## TASK BRIEF
Please output the line containing "Monrovia House |" and all lines that follow it in the data below, exactly, with no pictures.

## INFORMATION PROVIDED
[Start of section]

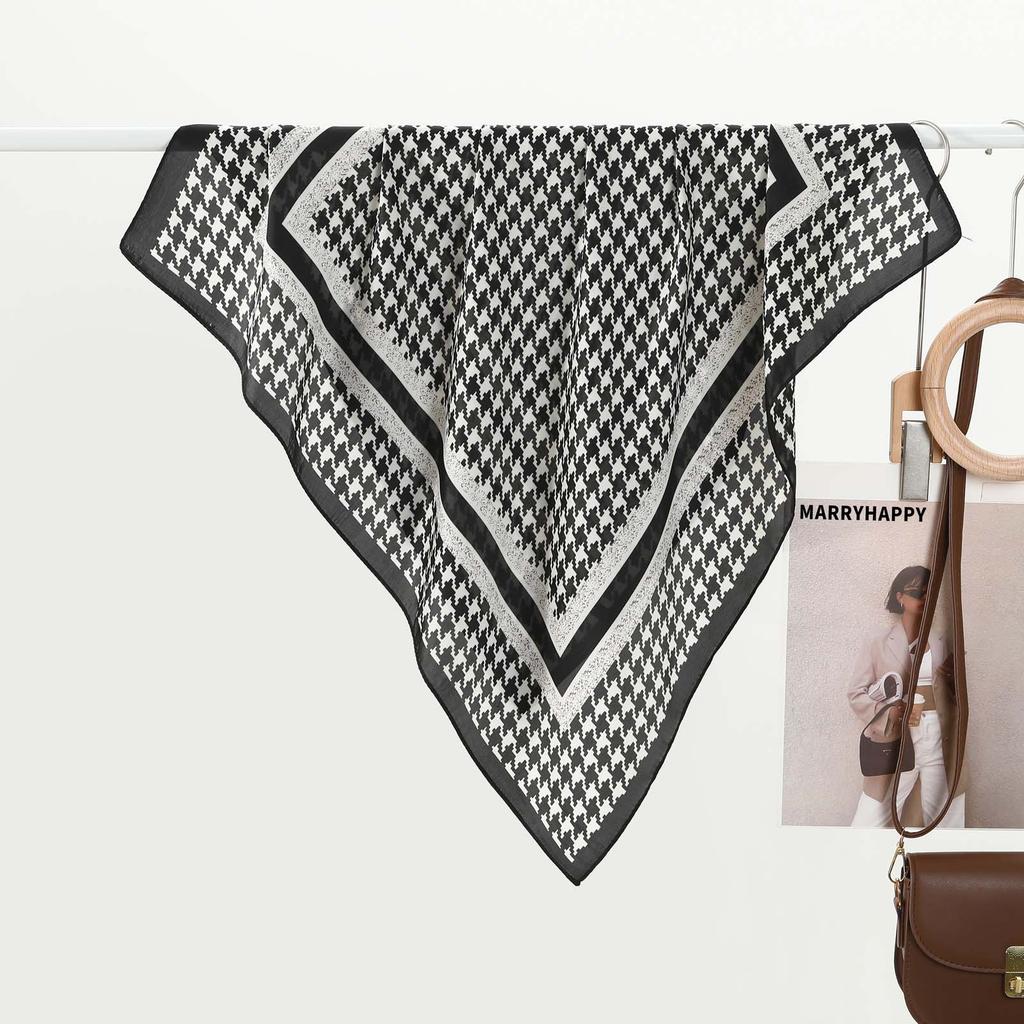 Classic Vintage Checkered Print Imitation Silk Scarf For Spring Summer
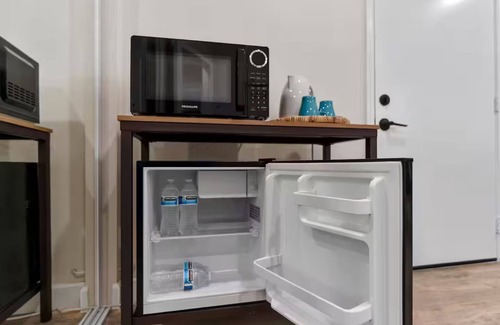 Monrovia House | 2BD 1BA - Convenient - Free P - DTLA l Disneyland
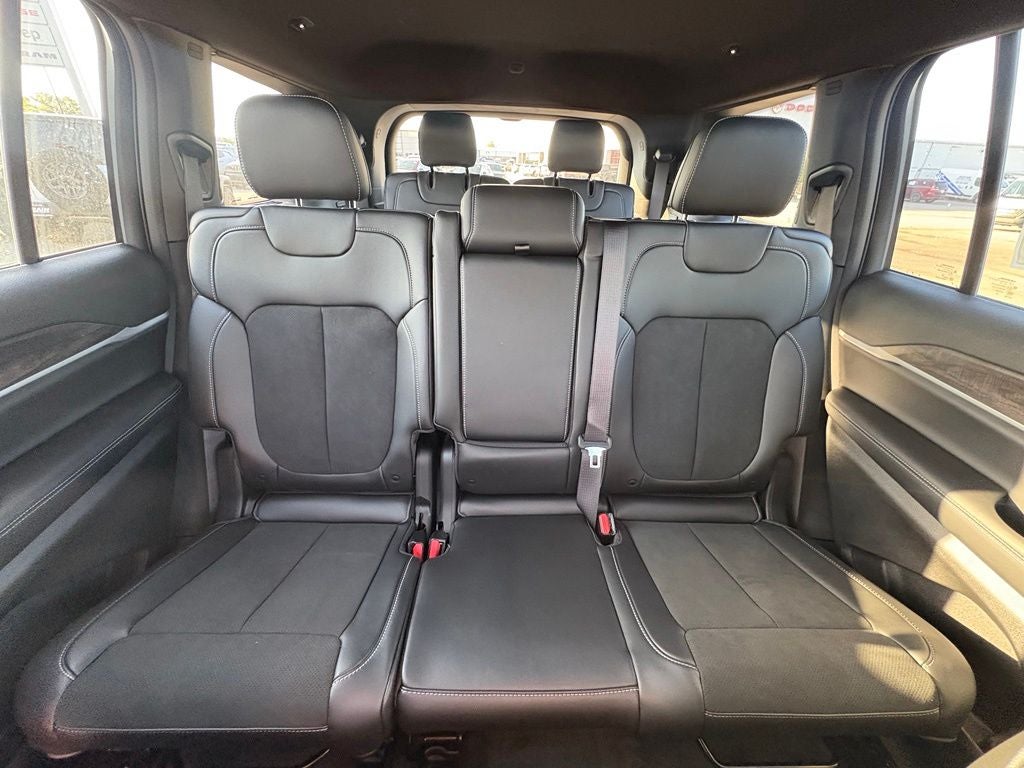 2026 Jeep Grand Cherokee GRAND CHEROKEE L LAREDO ALTITUDE 4X4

[End of section]

## TASK ANSWER
 Monrovia House | 2BD 1BA - Convenient - Free P - DTLA l Disneyland
 2026 Jeep Grand Cherokee GRAND CHEROKEE L LAREDO ALTITUDE 4X4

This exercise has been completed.